Attackers are exploiting Apple's legitimate account notification system to send phishing emails that appear to come directly from Apple's servers, bypassing spam filters with fake iPhone purchase alerts. This novel technique abuses Apple's own infrastructure to increase the credibility of phishing attacks, making detection more difficult for both users and email security systems.

NIST announced it will stop assigning CVSS severity scores to lower-priority vulnerabilities due to overwhelming submission volumes that exceed their capacity for analysis. This policy change will impact how organizations prioritize patching for non-critical vulnerabilities, potentially leaving some flaws without standardized severity ratings that security teams rely on for risk assessment.

Following the disruption of the Tycoon 2FA phishing platform, threat actors are repurposing Tycoon's tools and techniques across other phishing kits, leading to a surge in related attacks. The platform's takedown has fragmented rather than eliminated the threat, with attackers adapting existing Tycoon components into new phishing operations.

Microsoft identified a bug in a recent Edge browser update that breaks right-click paste functionality in Microsoft Teams desktop client chats.
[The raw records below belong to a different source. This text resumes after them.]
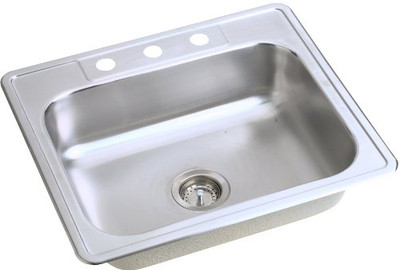 Elkay DJ125222 Elkay Stainless Steel Single Bowl Top Mount Sink w/ J Channels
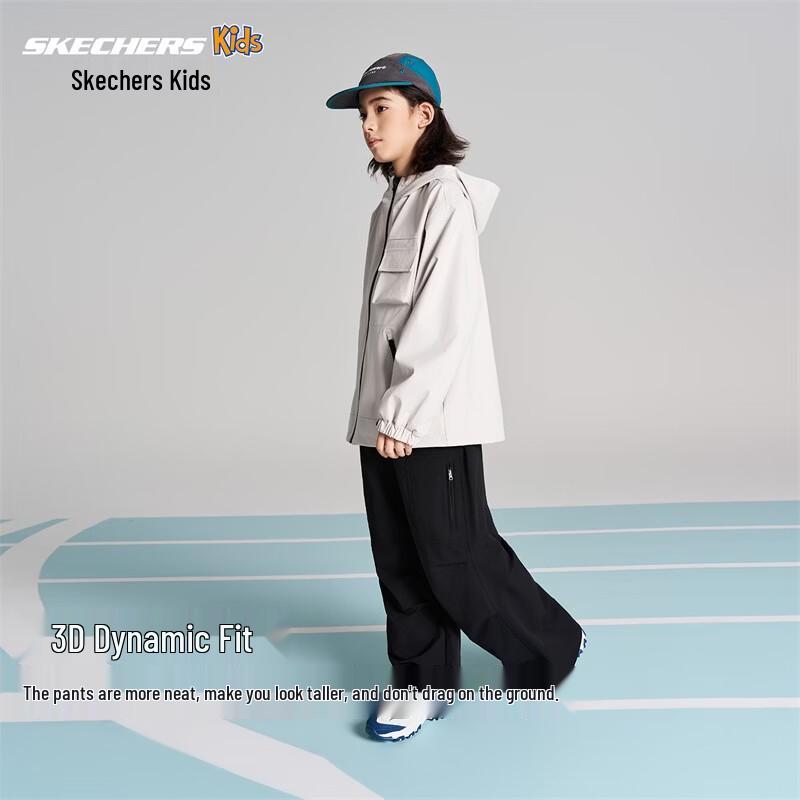 Skechers Kids' Windproof Water-Repellent Softshell Sport Pants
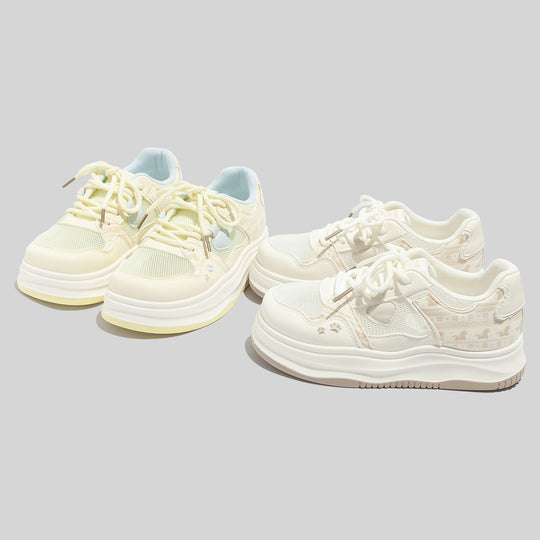 Damen Atmungsaktive Sneakers mit innovativem Komfortsystem und elastischen Schnürsenkeln EB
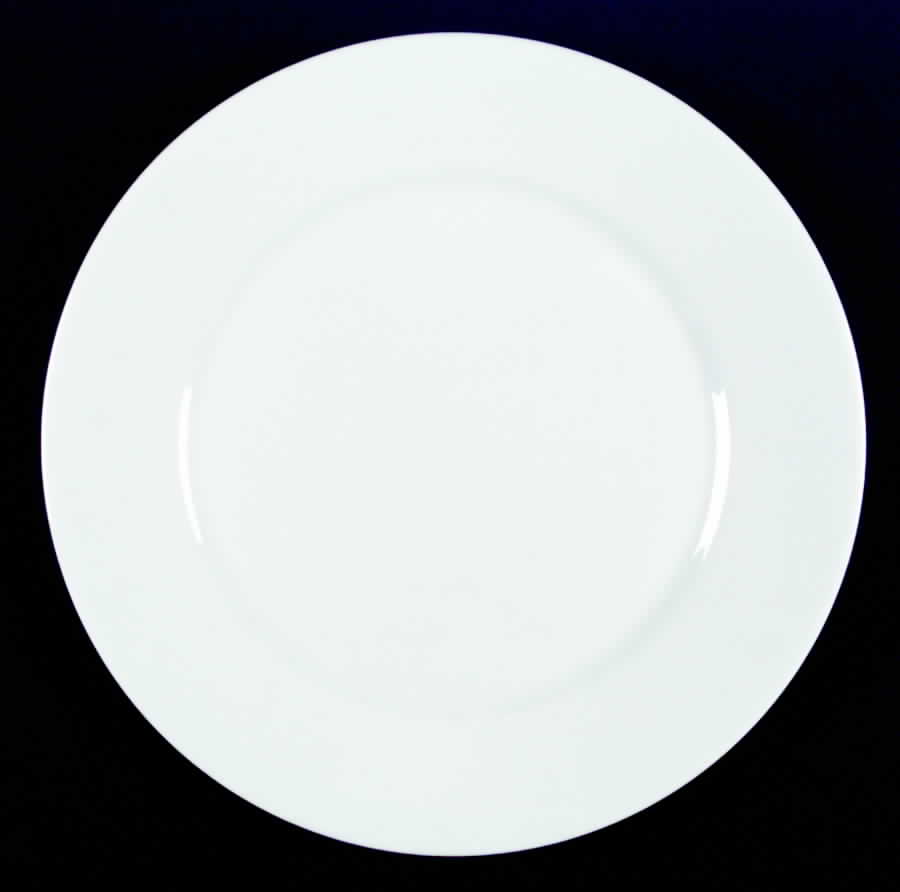 Mayfair White Dinner Plate by Oxford (Div of Lenox)-1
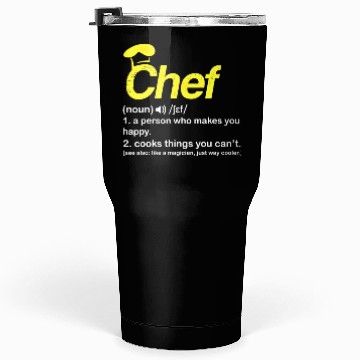 Discover Chef Definition Stationery Tumblers 30 Oz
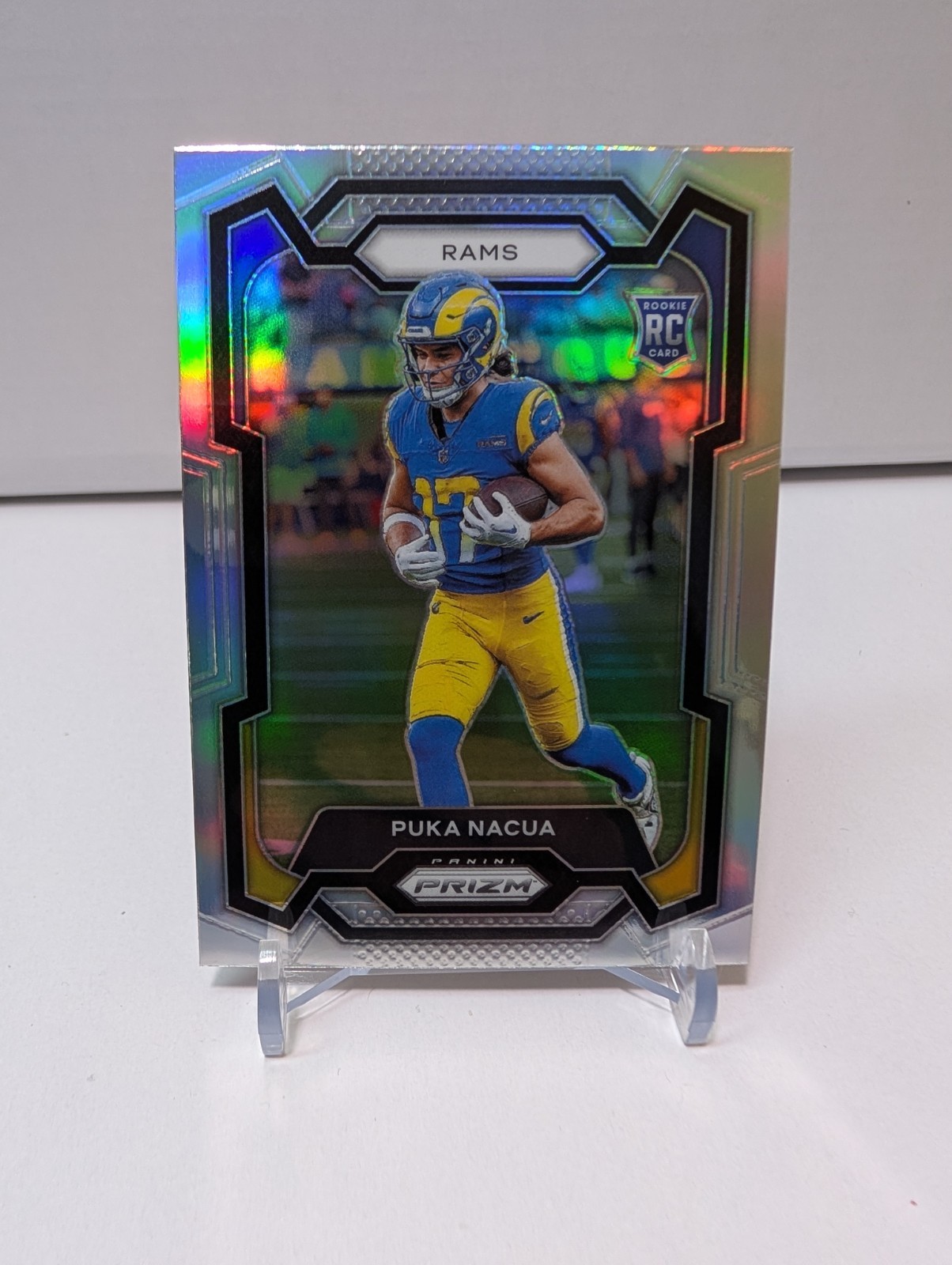 2023 Panini Prizm  Puka Nacua Rookie #357 Silver Prizm (RC) Rams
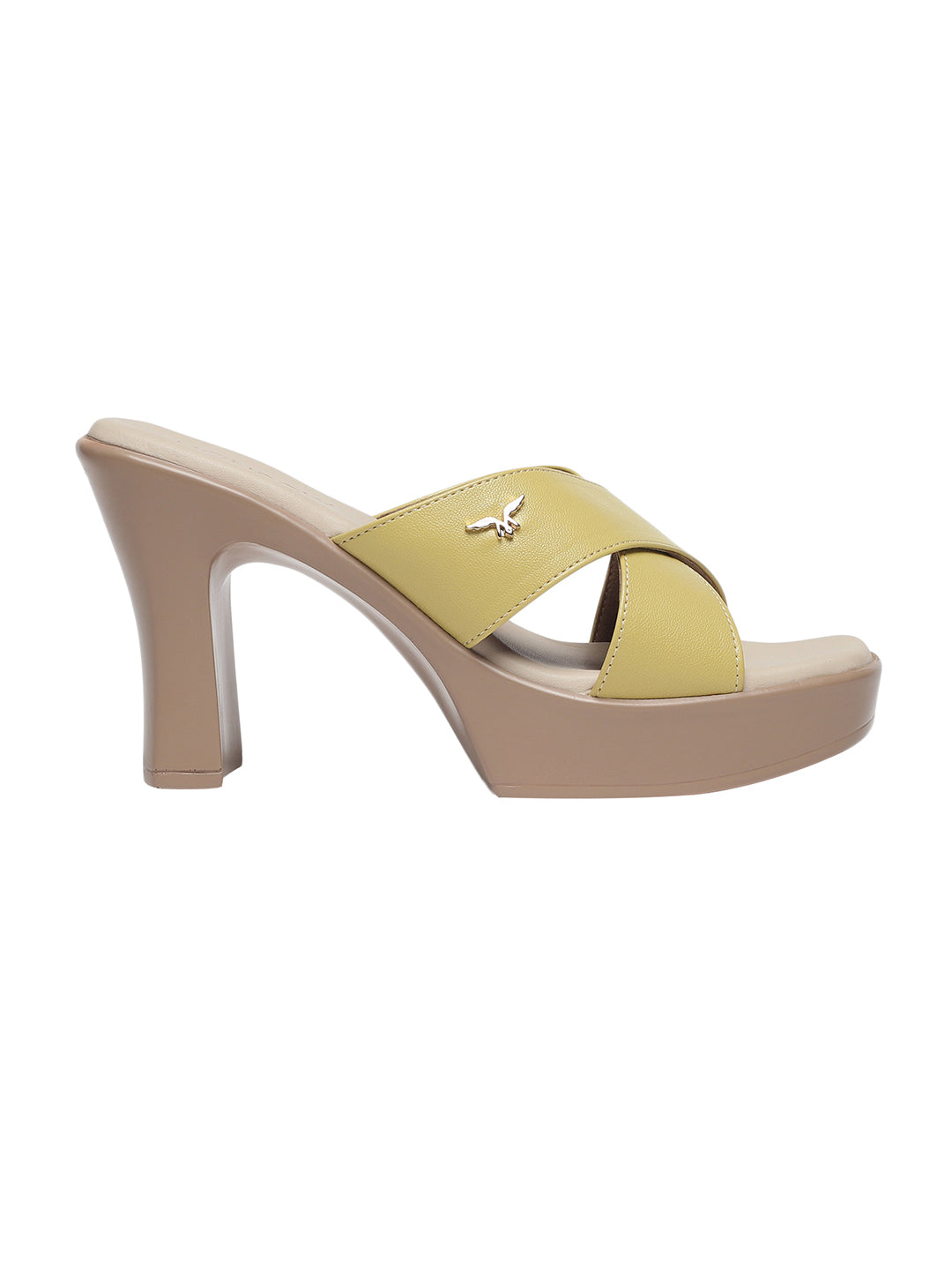 Drew Yellow Platform Heels
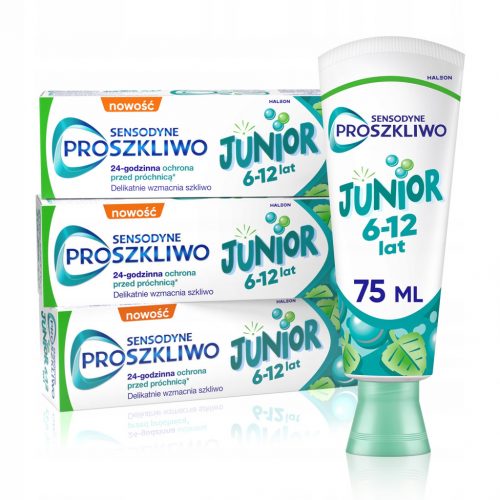  Sensodyne ProSzkliwo Junior Pastă de dinți cu fluor 75 ml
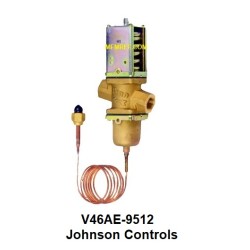 V46 AE-9512 Johnson Controls válvula para el agua de la ciudad 1.1/4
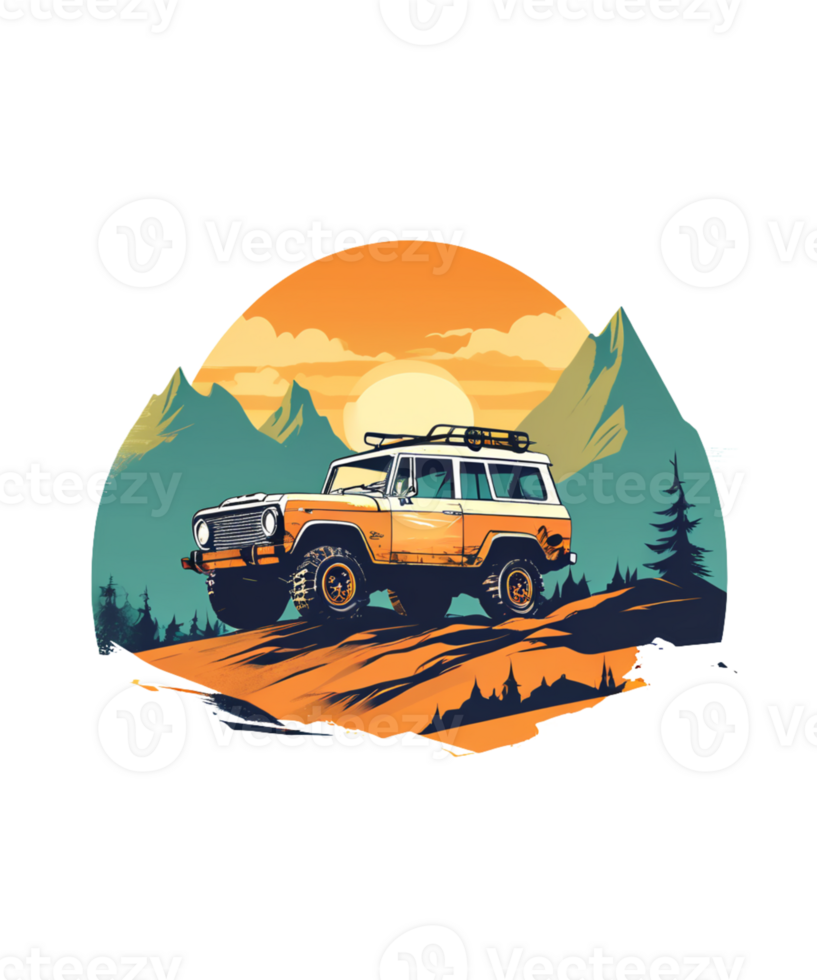 Off-Road Car Illustration png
While seemingly minor, this bug affects a core workflow for millions of Teams users and demonstrates how browser updates can unexpectedly impact enterprise collaboration tools.

NAKIVO released Backup & Replication v11.2 with new ransomware defense capabilities, faster replication, and support for vSphere 9 and Proxmox VE 9.0. The update focuses on proactive data protection features specifically designed to counter ransomware threats in virtualized environments.

Blue Origin's New Glenn rocket successfully reused its first stage but experienced issues with satellite deployment from the upper stage during its mission. While primarily a space industry story, this highlights potential supply chain and reliability concerns for satellite-based security infrastructure.

An article describes operating one of America's most powerful lasers used for studying stellar physics and fusion energy research. This content is not directly relevant to cybersecurity practitioners and appears to be scientific research rather than security-related news.

Research indicates great white sharks are experiencing overheating due to warming ocean temperatures and may be physiologically vulnerable to climate change. This environmental science content lacks relevance to cybersecurity operations or threat landscape analysis.